Just get rid of the enclosing square brackets to make it work properly. Furthermore, as you are in Python 2, you don't need to do a list conversion, just do:

range(6)

Which was your second option all along. :)


Let's iterate through some cases:

range(6)

This produces a list [0, 1, 2, 3, 4, 5]

list(range(6))

list() expects an iterable object, and will transform that into a list. So list(range(6)) takes the list returned by range(6), and copies its members into a new list. So we get [0, 1, 2, 3, 4, 5].

[range(6)]

This uses the python list creation syntax. This will take each argument inside the brackets, and place them into a list. So we would get: [ [0, 1, 2, 3, 4, 5] ]. Note that this is a list of a list.

[list(range(6))]

Here, we should know enough to know what happens. More or less, range(6), and list(range(6)) do the same thing, so we would expect the same result as the previous line, so we see: [ [0, 1, 2, 3, 4, 5] ].

Notes about python3.x

Python 3 has attempted to make more lazy objects or iterators returned by builtins. So range(6) doesn't return a list in python 3.x. Instead, it returns a custom range object. This object can be converted into a list by doing list(range(6)), because it's iterable. However, if you don't need to mutate the returned object, then it probably makes sense to leave it as a range object.
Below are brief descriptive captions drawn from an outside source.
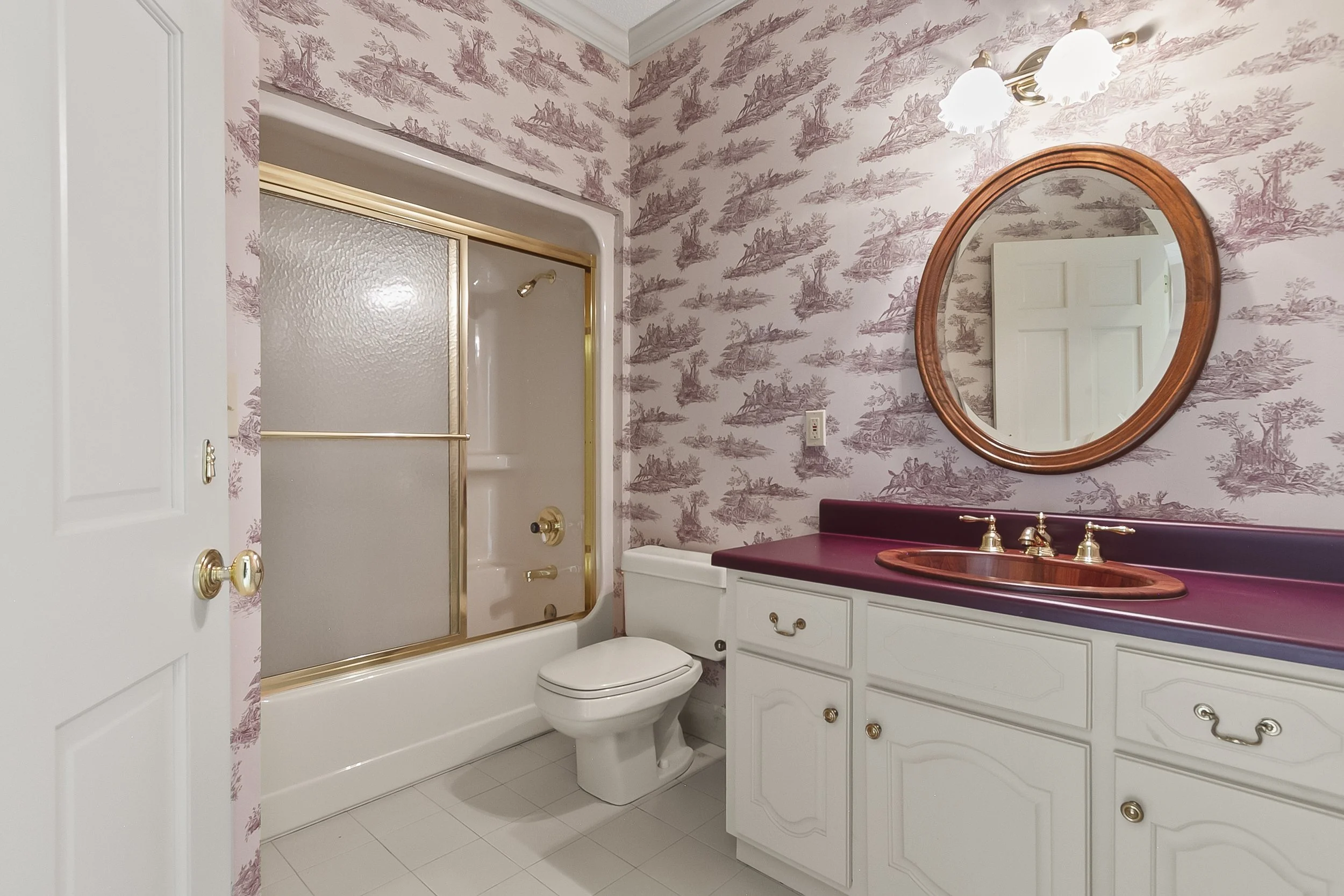 Bathroom with floral pink wallpaper, white cabinet with burgundy countertop, round mirror, gold fixtures, toilet, and a bathtub with a frosted sliding door.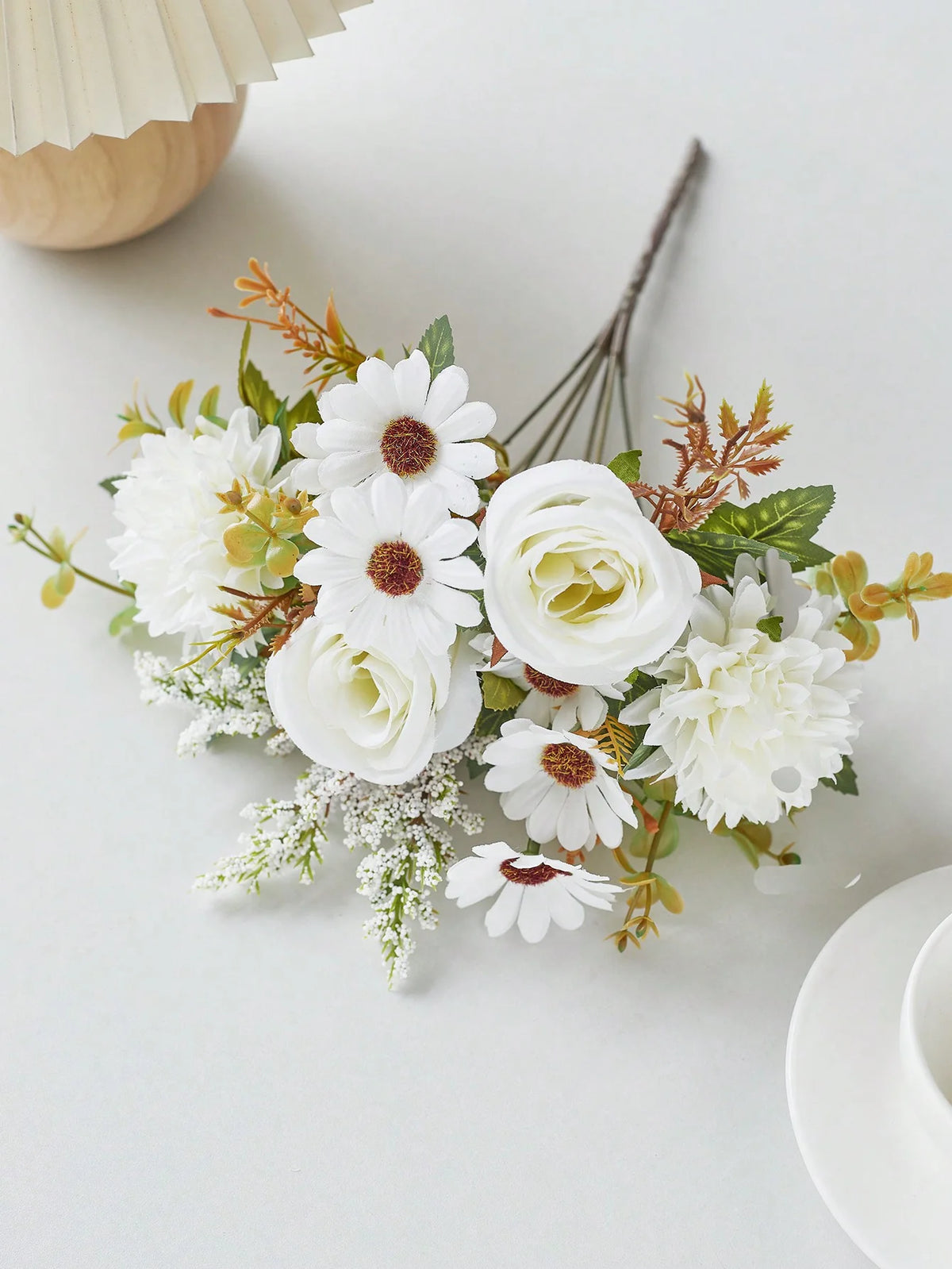 A bouquet of artificial white and cream silk flowers with green foliage and dried accents on a white surface.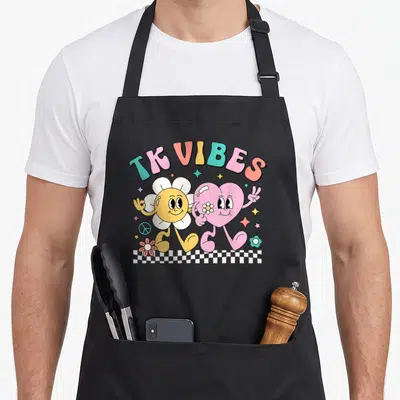 Groovy daisy teacher apron - TK VIBES text over flower and heart characters on checkerboard with stars and peace sign — shown on a black cotton canvas apron against a white background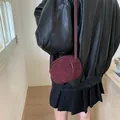 Chic burgundy oval crossbody bag in matte suede leather worn by a female model - Red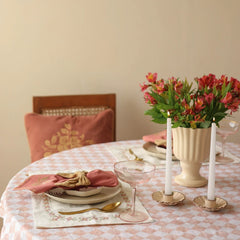 Sand Velvet Napkin Rings on pink napkin at dining table with red flowers and candles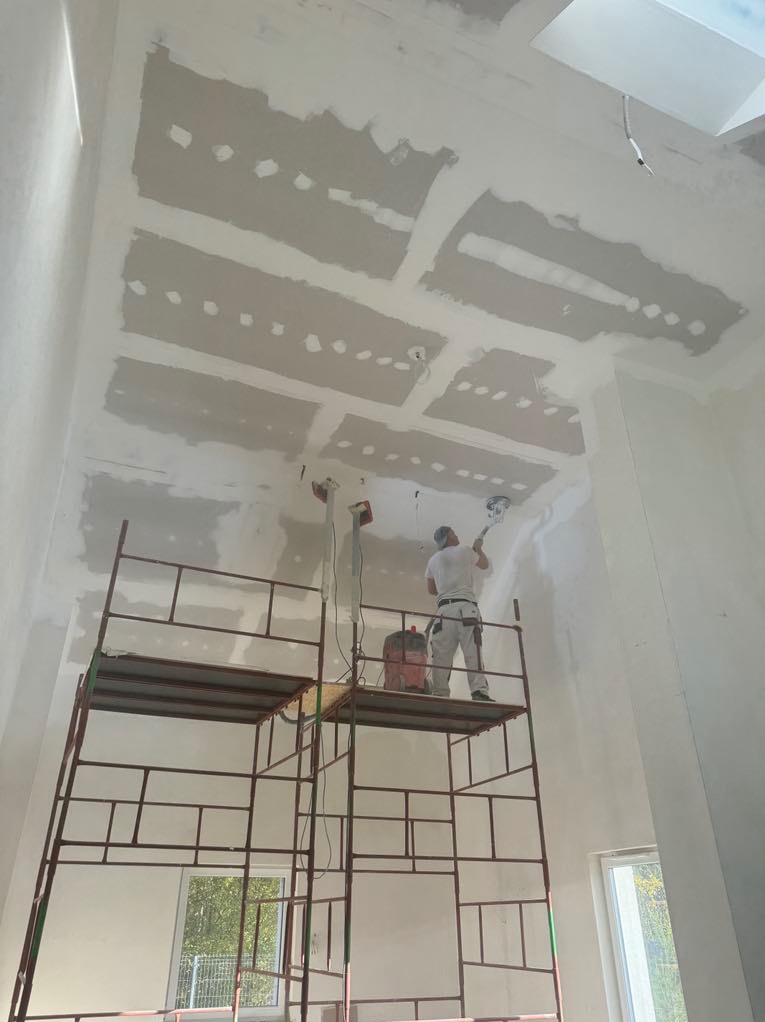 Pracownik szlifuje połączenia płyt na suficie podwieszanym z płyty gipsowo-kartonowej, stojąc na rusztowaniu w wysokim pomieszczeniu z oknem.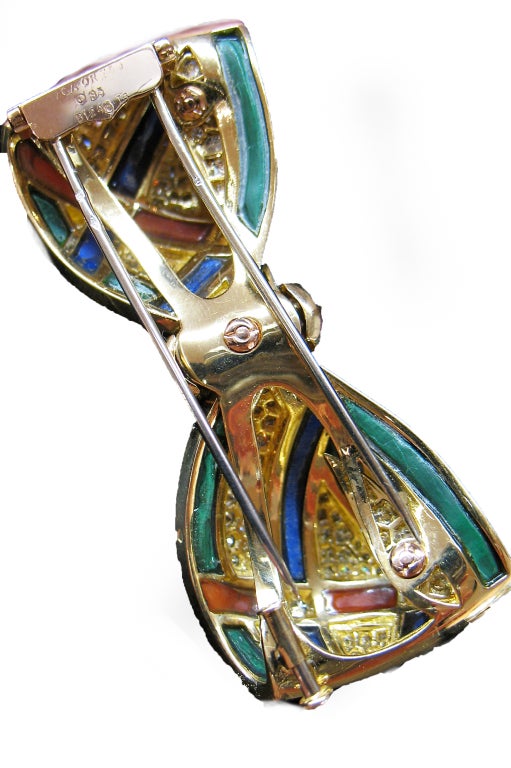 A colorful yellow gold Van Cleef & Arpels knot brooch set with diamonds, lapis lazuli, coral and malachite stripes.

Diamonds weight : approximately 3.50 carat.
Length : 6.6 cm.
Height : 2.2 cm.
Circa 1980.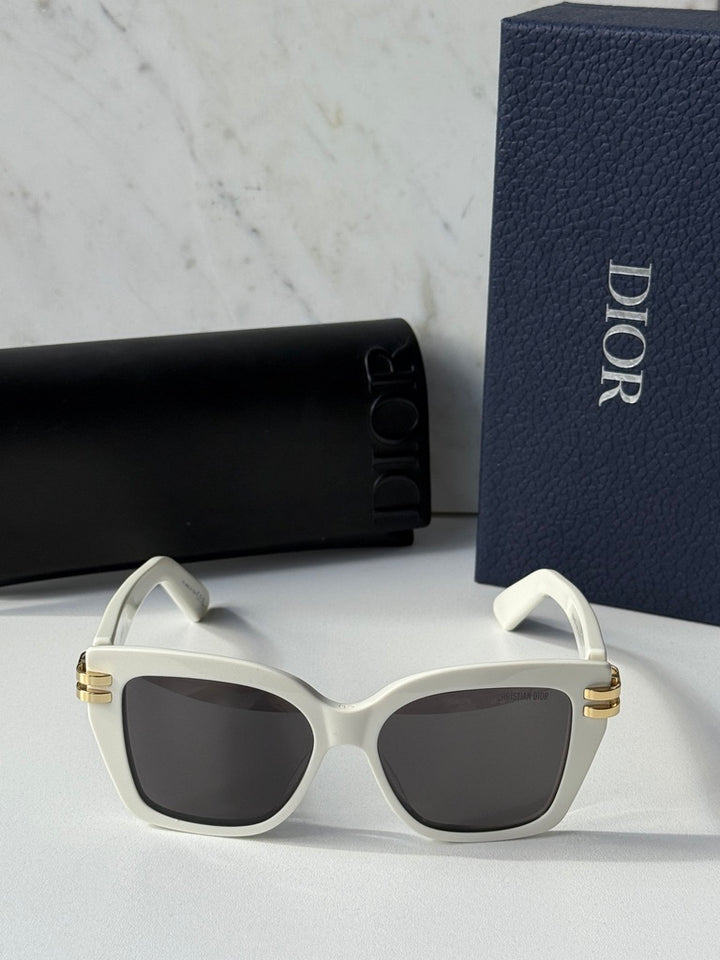 Oversized butterfly sunglasses with white frame, dark lenses, and gold metal accents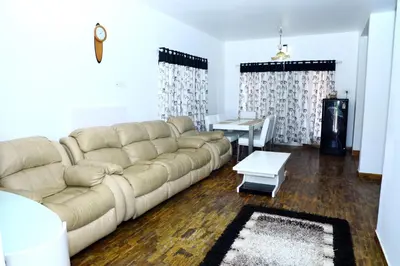 a living room with a couch and a table at HAILSTONE HOME STAY in Ooty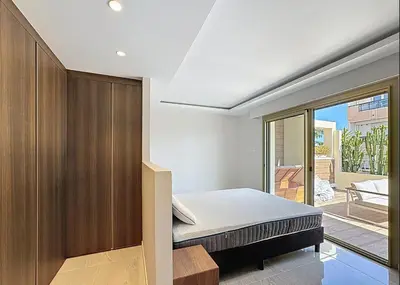 a bedroom with a bed and a sliding glass door at New Modern rooftop 2 ch 4 peoples Clim Wifi in Le Cannet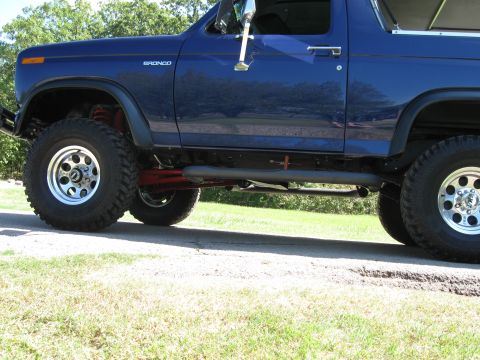 1982 Ford Bronco - This blue Ford Bronco features an elevated suspension system and tires, ready for off-road adventures.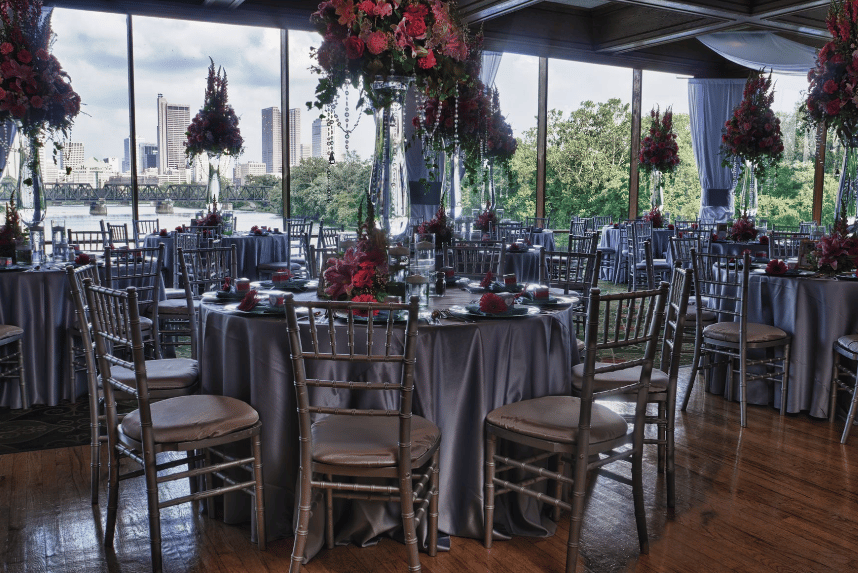 Exquisite private event spaces with plated tables with gray linens and seasonal red flowers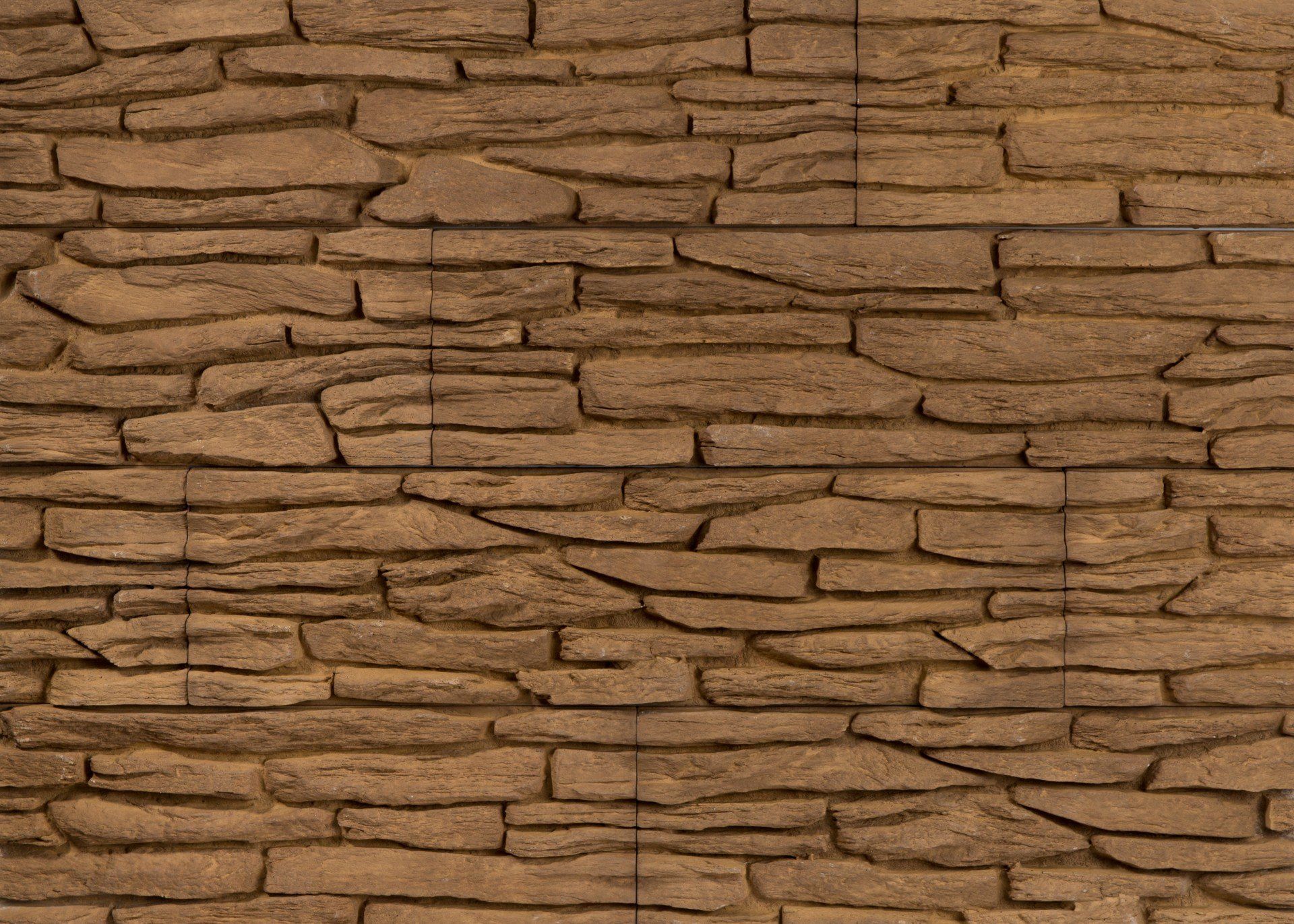 Brown stone wall with layered, textured appearance.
var1 = [list(range(6))] creates a list of a list, while var2 = range(6) creates a list.

>>> var1 = [list(range(6))]
>>> var1
[[0, 1, 2, 3, 4, 5]]
>>> var2 = range(6)
>>> list(var2)
[0, 1, 2, 3, 4, 5]

When you include a variable in python within square brackets, it returns a list with the included variable as an element of the list:

>>> var3 = 1
>>> var4 = [var3]
>>> isinstance(var4, list)
True

So list(range(6)) is all you need to be doing. It returns a list. Since you included that in square brackets by doing [list(range(6))], you made it a list of a list.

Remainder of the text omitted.